Teapot LLM is fine-tuned from flan-t5-large on a synthetic dataset of LLM tasks generated using DeepSeek-V3. The training process involves:

  • Dataset: A ~10MB synthetic dataset consisting of QnA pairs with a variety of task-specific formats.
  • Methodology: The model is trained to mimic task-specific output formats and is scored based on its ability to output relevant, succinct, and verifiable answers.
  • Hardware: Trained for approximately 10 hours on an A100 GPU provided by Google Colab.
  • Hyperparameters: Various learning rates were used, and the model was monitored to ensure task-specific performance without catastrophic forgetting.

System Requirements

Before installing Teapot LLM, ensure your system meets the following requirements:

Hardware

  • CPU: A modern multi-core processor (Intel i5/i7 or AMD Ryzen recommended).
  • GPU: NVIDIA RTX GPU with at least 8 GB VRAM for optimal performance (optional for CPU-only inference).
  • RAM: Minimum 16 GB; 32 GB or more recommended for larger models.
  • Storage: SSD with at least 100 GB free space for model files and dependencies.

Software

  • Operating System: Windows 10 or later.
  • Python: Version 3.10 or higher.
  • CUDA Toolkit: Version 12.8 or higher (for GPU acceleration).
  • Docker (Optional): For containerized setups.

Installation Methods

1. Using Docker Containers

Docker simplifies the setup process by bundling dependencies into containers.

  1. Install Docker Desktop for Windows.

Create directories to store model files and configurations:

mkdir ollama-files open-webui-files
  1. Access the Web Interface:
    Open your browser and navigate to http://localhost:4000 to interact with the model.

Pull the Teapot LLM Docker image:

docker run -d -p 4000:8080 -v /path/to/ollama-files:/root/.ollama -v /path/to/open-webui-files:/app/backend/data --name teapot-webui --restart always ghcr.io/open-webui/open-webui:teapot

2. Native Installation

For users preferring a direct installation without containers:

  1. Install Python:
    • Download Python from the official website.
    • During installation, check "Add Python to PATH."
  2. Install CUDA Toolkit (if using GPU):

Run the Model:

python main.py --model teapot --port 8080

Install Dependencies using PowerShell:

./setup_env.ps1

Clone the Teapot Repository:

git clone https://github.com/teapot-ai/teapot.git
cd teapot

3. Using Llamafile

Llamafile simplifies running LLMs by bundling them into single executables.

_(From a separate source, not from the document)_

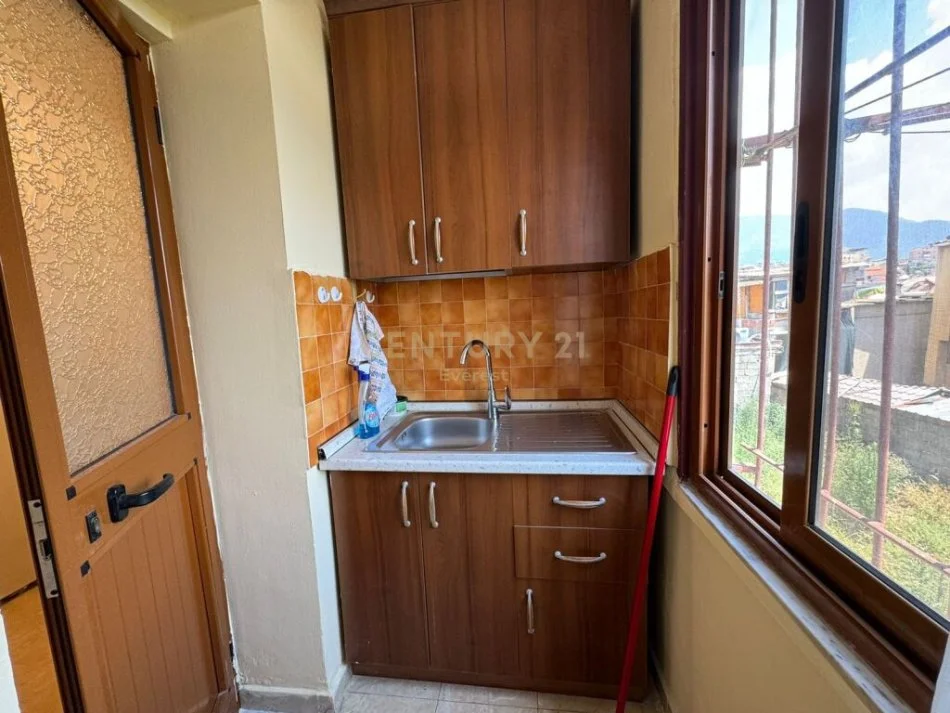 Tirane, jepet me qera apartament 1+1 Kati 2, 60 m² 350 € (Varri Bamit)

  1. Download the Teapot Llamafile Executable:
    Obtain it from the official release page.
  2. Launch the Application:
    Double-click the .exe file to start the application.
  3. Interact with the Model:
    Use the provided web interface or command-line prompts to work with Teapot LLM.

Getting Started

To use Teapot LLM, you can leverage the teapotai library, which simplifies model integration into production environments. Here’s a basic example of using Teapot LLM for general question answering:PythonCopy

from teapotai import TeapotAI

# Sample context
context = """
The Eiffel Tower is a wrought iron lattice tower in Paris, France. It was designed by Gustave Eiffel and completed in 1889.
It stands at a height of 330 meters and is one of the most recognizable structures in the world.
"""

teapot_ai = TeapotAI()

answer = teapot_ai.query(
    query="What is the height of the Eiffel Tower?",
    context=context
)
print(answer)  # Output: "The Eiffel Tower stands at a height of 330 meters."

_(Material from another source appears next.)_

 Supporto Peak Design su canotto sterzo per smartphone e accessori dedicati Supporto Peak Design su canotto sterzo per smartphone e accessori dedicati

For more advanced use cases, such as Retrieval-Augmented Generation, Teapot LLM can be used with multiple documents to answer questions based on the most relevant information.

Optimization Techniques

1. GPU Acceleration

Leverage NVIDIA TensorRT for faster inference:

  • Install TensorRT: Follow NVIDIA's guidelines for installation.

Configure Teapot to Use GPU:

python main.py --model teapot --gpu

2. Quantization

Reduce model size by quantizing weights (e.g., converting to INT8). This process can greatly improve performance on machines with limited resources while maintaining acceptable accuracy.

3. Batch Processing

Increase batch sizes for tasks like text generation to improve throughput and overall efficiency.

Practical Coding Examples of Teapot LLM

Example 1: General Question Answering (QnA)

In this example, we showcase how to use Teapot LLM to answer questions based on a provided context. The model is optimized for conversational responses and is trained to avoid answering questions beyond the given context, thereby reducing hallucinations.

from teapotai import TeapotAI

# Sample context about the Eiffel Tower
context = """
The Eiffel Tower is a wrought iron lattice tower in Paris, France. It was designed by Gustave Eiffel and completed in 1889.
It stands at a height of 330 meters and is one of the most recognizable structures in the world.
"""

# Initialize TeapotAI
teapot_ai = TeapotAI()

# Get the answer using the provided context
answer = teapot_ai.query(
    query="What is the height of the Eiffel Tower?",
    context=context
)
print(answer)  # Expected Output: "The Eiffel Tower stands at a height of 330 meters."

# Example demonstrating hallucination resistance:
context_without_height = """
The Eiffel Tower is a wrought iron lattice tower in Paris, France. It was designed by Gustave Eiffel and completed in 1889.
"""

answer = teapot_ai.query(
    query="What is the height of the Eiffel Tower?",
    context=context_without_height
)
print(answer)  # Expected Output: "I don't have information on the height of the Eiffel Tower."

Example 2: Chat with Retrieval-Augmented Generation (RAG)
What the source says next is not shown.